Dans le même temps, le débat public est saturé de faux scientifiques qui font de l'ombre aux vrais. Depuis plusieurs décennies maintenant, une partie des élites politiques et économiques rêve de fonder son gouvernement sur l'autorité de sachants confirmant les bienfaits de telle ou telle politique. Ce dévoiement de la science en expertise est criant et, dans bien des cas, vient occulter le travail patient, méticuleux et même austère de nombreux savants, dont les résultats peinent à se frayer un chemin jusque dans les cénacles du pouvoir.

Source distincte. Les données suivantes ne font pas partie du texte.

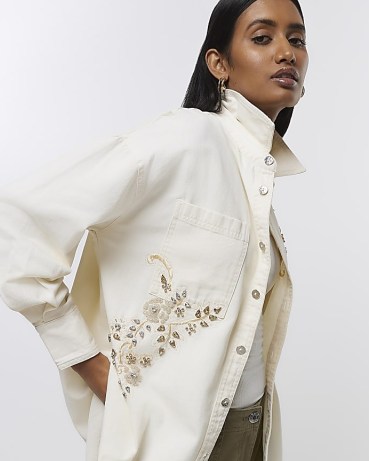 RIVER ISLAND CREAM EMBELLISHED DENIM SHIRT / women’s cotton shirts with floral embellishments - flipped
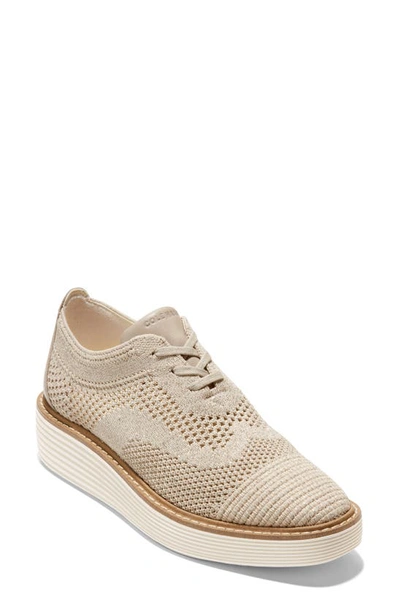 Cole Haan Grid Stitch Womens Knit Lifestyle Athletic And Training Shoes In Rye Knit-ivory Stitchlite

Combien de temps a-t-il ainsi fallu pour que les rapports du Giec reçoivent un peu d'écho ? Combien en faudra-t-il pour que les préconisations des scientifiques composant ce groupe soient réellement écoutées ?
Il y a là une question à l'égard du personnel politique, mais également à l'endroit du monde médiatique. La domination écrasante du marché dans ce secteur produit des effets désastreux sur ce qui aurait dû être un moyen d'émancipation des citoyennes et des citoyens. Cette émancipation par les médias n'est qu'un mythe, il suffit pour s'en convaincre de se rappeler le mot de Patrick Le Lay, dirigeant bien connu de TF1. Ce dernier affirmait, il y a près de vingt ans, que son métier, c'était la publicité – vendre à Coca-Cola du temps de cerveau disponible, comme il disait. Cet obscurantisme du business n'a pas fini de nuire à la démocratie et à la délibération éclairée des citoyens.
Pour conclure, je veux rappeler que l'obscurantisme contre lequel s'escriment les Lumières est polymorphe. Les avatars anciens de la superstition et du fanatisme n'ont pas disparu et prennent parfois des formes violentes. La lutte contre eux repose principalement sur l'exemplarité des œuvres de la raison. Si l'axiome de l'égale dignité des personnes et des esprits n'est pas respecté, si la solidarité impersonnelle dont l'État est l'outil n'est pas réelle, alors les vieilles hiérarchies sociales et les vieux credo qui les fondaient reprendront du crédit auprès de ceux qui les avaient désertés. C'est à cela que la République doit s'attacher à répondre. Il y a bel et bien urgence à rendre aux citoyennes et aux citoyens les moyens de leur propre émancipation.